DATA RECORDS below:

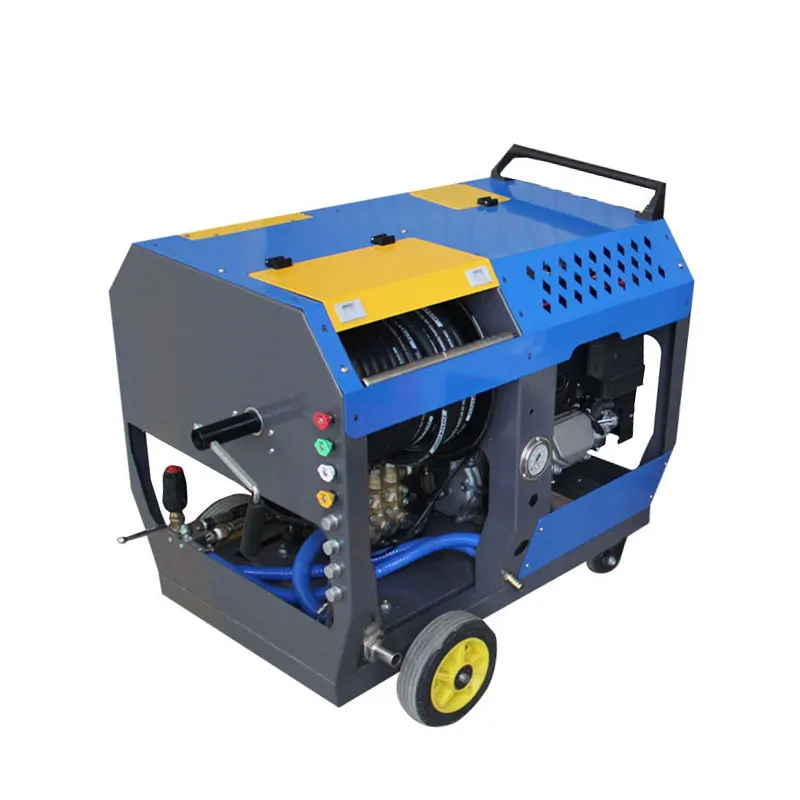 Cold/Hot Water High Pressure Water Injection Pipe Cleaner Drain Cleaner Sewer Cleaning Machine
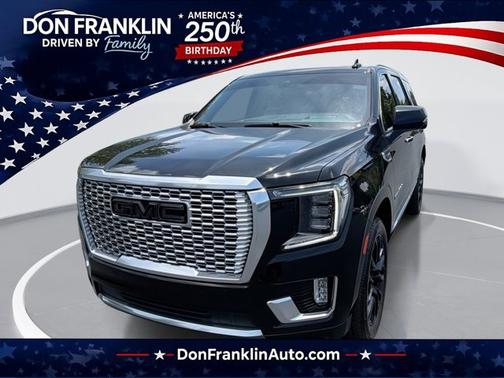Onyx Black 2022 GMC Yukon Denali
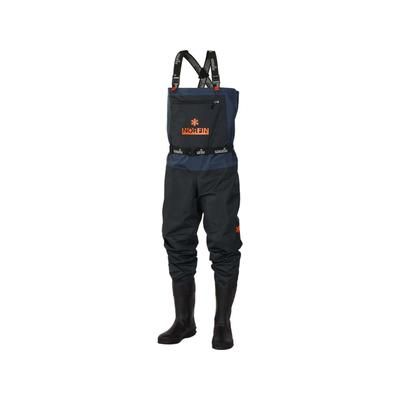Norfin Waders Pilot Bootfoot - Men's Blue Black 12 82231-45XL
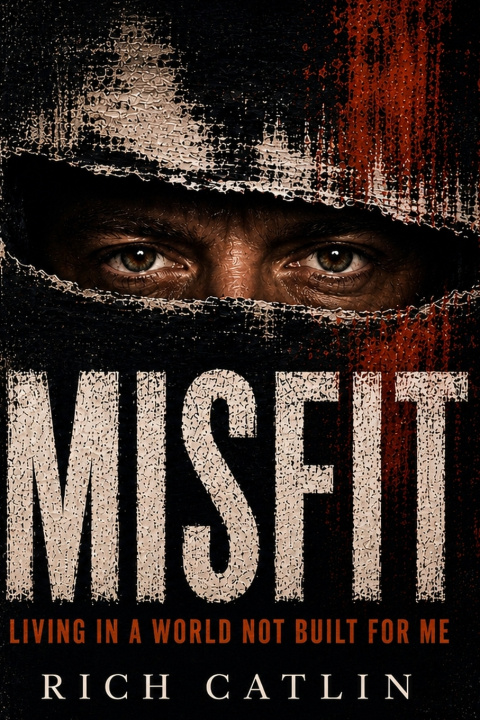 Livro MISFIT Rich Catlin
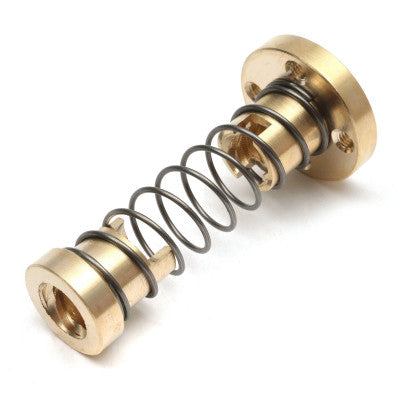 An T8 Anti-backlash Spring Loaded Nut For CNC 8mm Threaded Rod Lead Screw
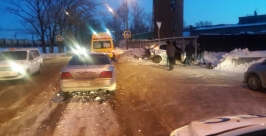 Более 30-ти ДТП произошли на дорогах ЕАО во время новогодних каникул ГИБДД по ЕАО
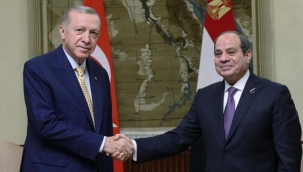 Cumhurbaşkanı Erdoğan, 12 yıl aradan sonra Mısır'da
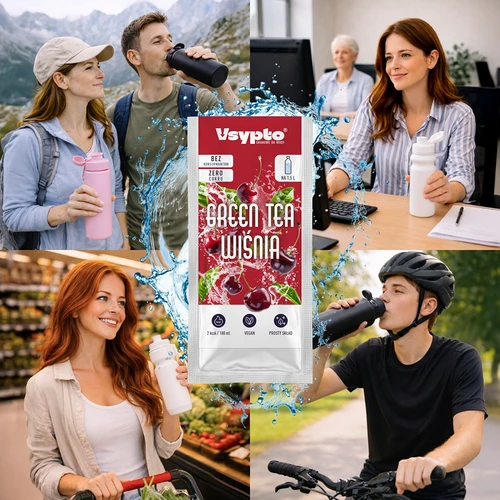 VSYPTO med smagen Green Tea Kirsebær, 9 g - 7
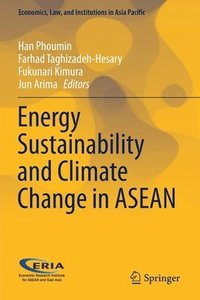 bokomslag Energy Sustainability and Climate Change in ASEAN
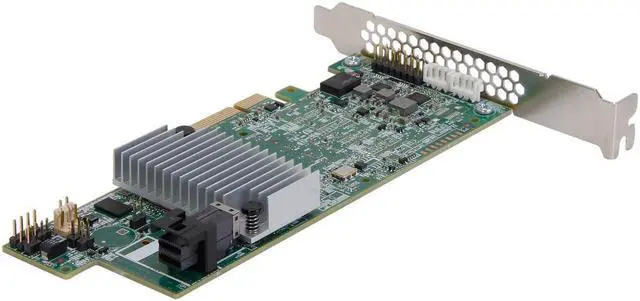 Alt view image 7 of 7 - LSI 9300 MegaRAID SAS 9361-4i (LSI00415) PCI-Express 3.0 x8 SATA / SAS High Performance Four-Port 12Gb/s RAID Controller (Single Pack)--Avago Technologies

End of DATA RECORDS.

AIM OF THE EXERCISE: Would you output the listing above verbatim, without its pictures?

COMPLETED TASK:
 Cold/Hot Water High Pressure Water Injection Pipe Cleaner Drain Cleaner Sewer Cleaning Machine
Onyx Black 2022 GMC Yukon Denali
Norfin Waders Pilot Bootfoot - Men's Blue Black 12 82231-45XL
 Livro MISFIT Rich Catlin
 An T8 Anti-backlash Spring Loaded Nut For CNC 8mm Threaded Rod Lead Screw
 Более 30-ти ДТП произошли на дорогах ЕАО во время новогодних каникул ГИБДД по ЕАО
 Cumhurbaşkanı Erdoğan, 12 yıl aradan sonra Mısır'da
 VSYPTO med smagen Green Tea Kirsebær, 9 g - 7
 bokomslag Energy Sustainability and Climate Change in ASEAN
 Alt view image 7 of 7 - LSI 9300 MegaRAID SAS 9361-4i (LSI00415) PCI-Express 3.0 x8 SATA / SAS High Performance Four-Port 12Gb/s RAID Controller (Single Pack)--Avago Technologies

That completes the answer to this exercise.